**EXCERPTED RECORDS**
• • • • •

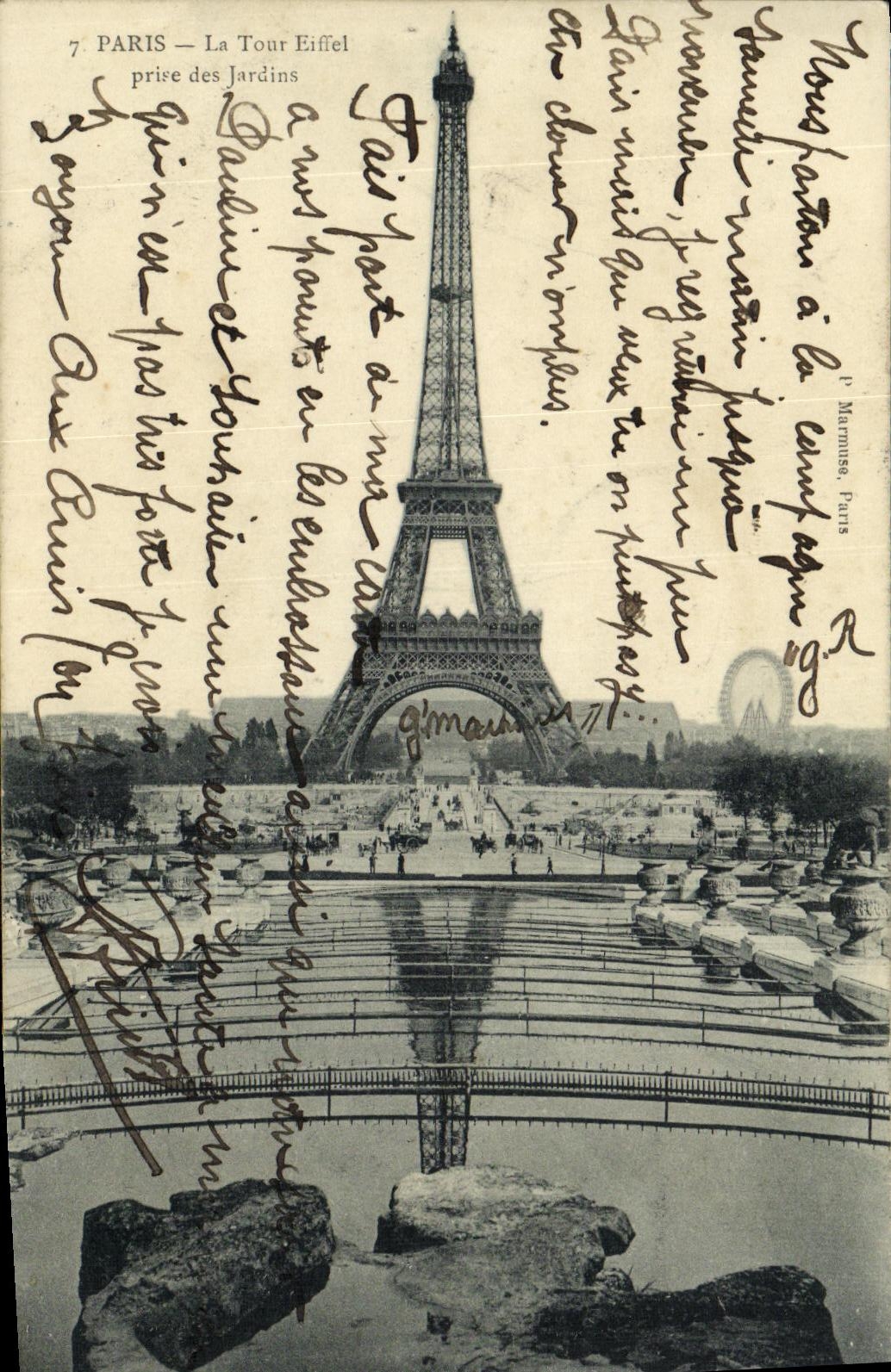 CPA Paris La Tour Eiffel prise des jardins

• • • • •

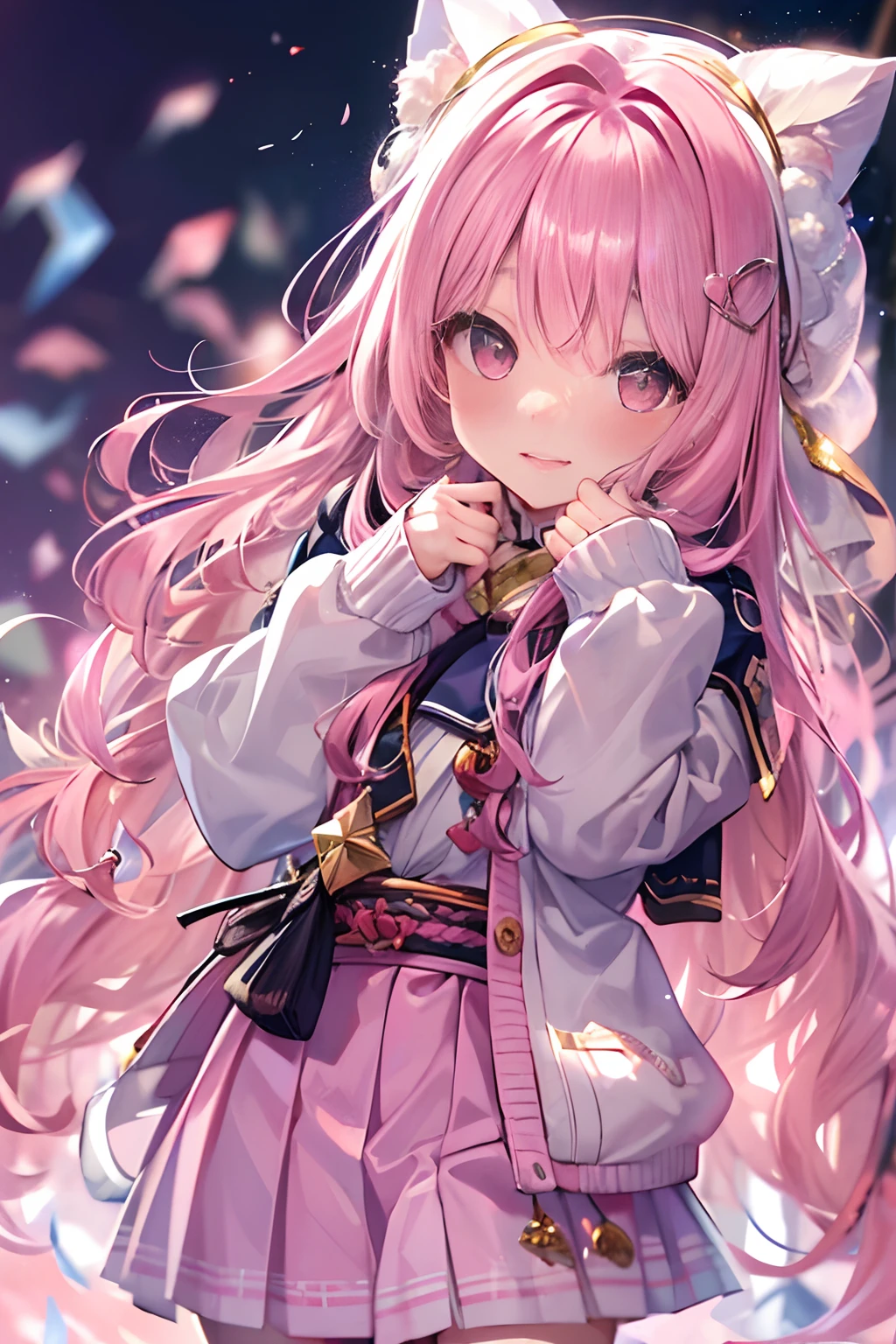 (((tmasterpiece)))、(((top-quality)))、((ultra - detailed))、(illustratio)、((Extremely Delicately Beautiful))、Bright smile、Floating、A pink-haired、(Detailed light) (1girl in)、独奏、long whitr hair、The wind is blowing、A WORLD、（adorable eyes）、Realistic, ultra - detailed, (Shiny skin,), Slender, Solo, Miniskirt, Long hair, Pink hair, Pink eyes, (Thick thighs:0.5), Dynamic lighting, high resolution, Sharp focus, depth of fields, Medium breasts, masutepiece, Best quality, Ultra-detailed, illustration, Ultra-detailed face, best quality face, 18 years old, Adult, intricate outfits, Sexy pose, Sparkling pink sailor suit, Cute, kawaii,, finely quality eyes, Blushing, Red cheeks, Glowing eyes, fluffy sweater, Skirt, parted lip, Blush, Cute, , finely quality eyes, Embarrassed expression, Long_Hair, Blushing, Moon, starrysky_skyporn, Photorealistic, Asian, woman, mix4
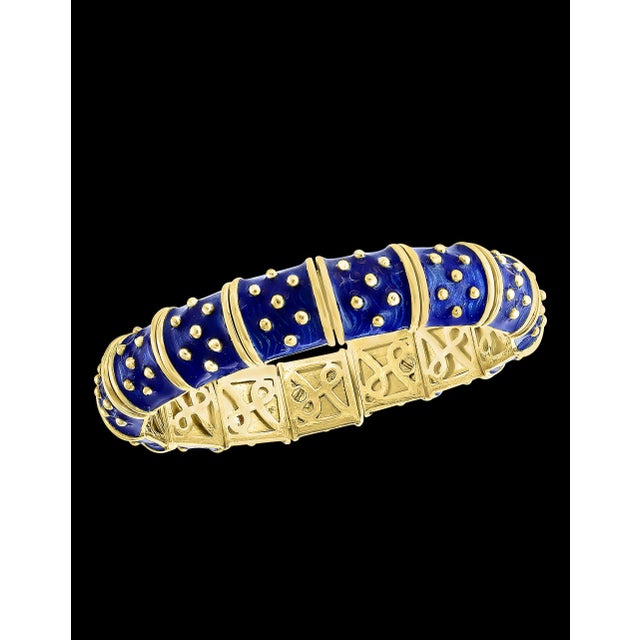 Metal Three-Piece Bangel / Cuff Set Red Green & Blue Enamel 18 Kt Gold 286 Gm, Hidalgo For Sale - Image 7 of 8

• • • • •

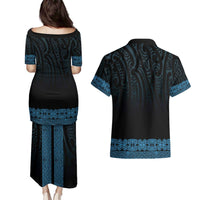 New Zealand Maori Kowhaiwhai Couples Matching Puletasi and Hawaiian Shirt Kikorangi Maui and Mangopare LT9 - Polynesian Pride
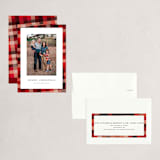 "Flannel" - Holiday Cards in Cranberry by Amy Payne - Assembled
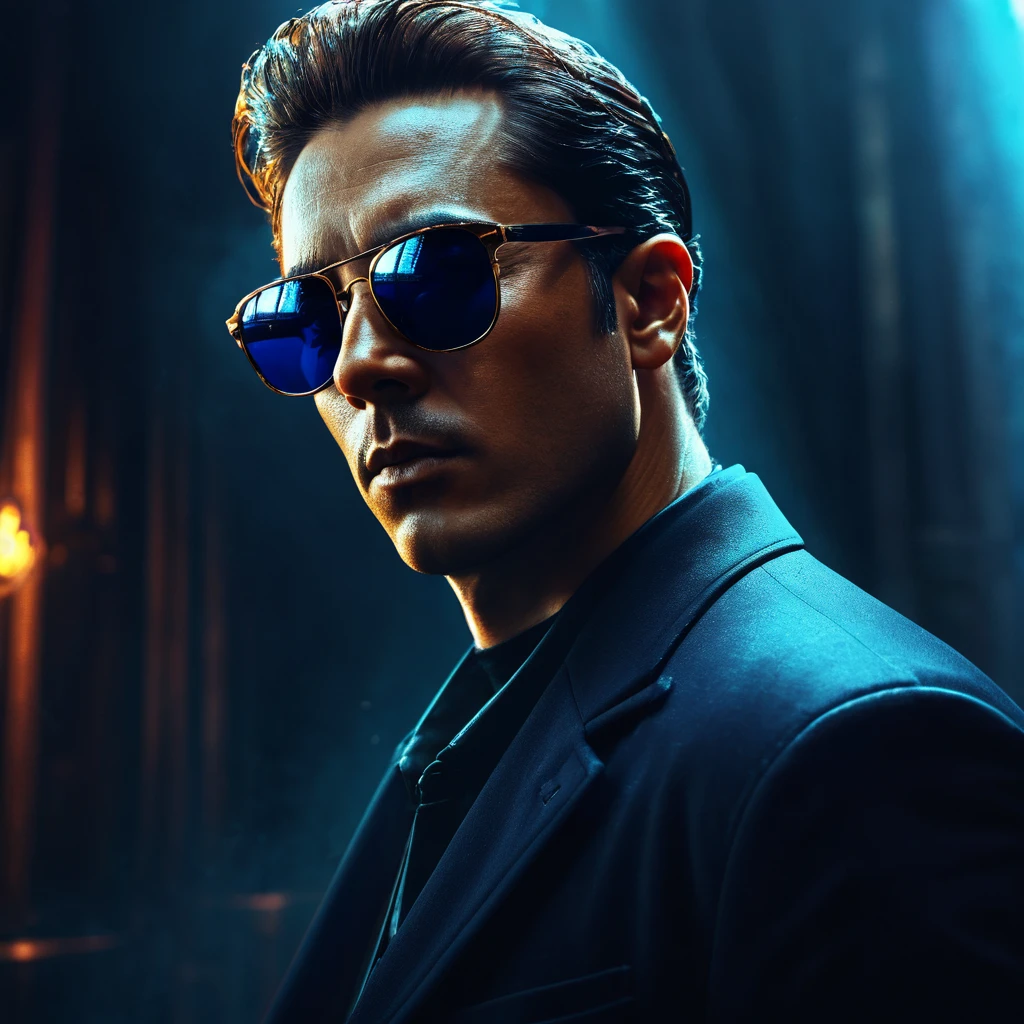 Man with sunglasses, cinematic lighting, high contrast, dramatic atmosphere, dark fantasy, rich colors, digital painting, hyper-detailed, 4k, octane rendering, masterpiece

• • • • •

**REQUIREMENT**
Copy out the lines above from the line containing "Payne - Assembled" through the line containing "Man with sunglasses, cinematic", exactly, and keep the pictures out.

**SOLUTION**
 "Flannel" - Holiday Cards in Cranberry by Amy Payne - Assembled
 Man with sunglasses, cinematic lighting, high contrast, dramatic atmosphere, dark fantasy, rich colors, digital painting, hyper-detailed, 4k, octane rendering, masterpiece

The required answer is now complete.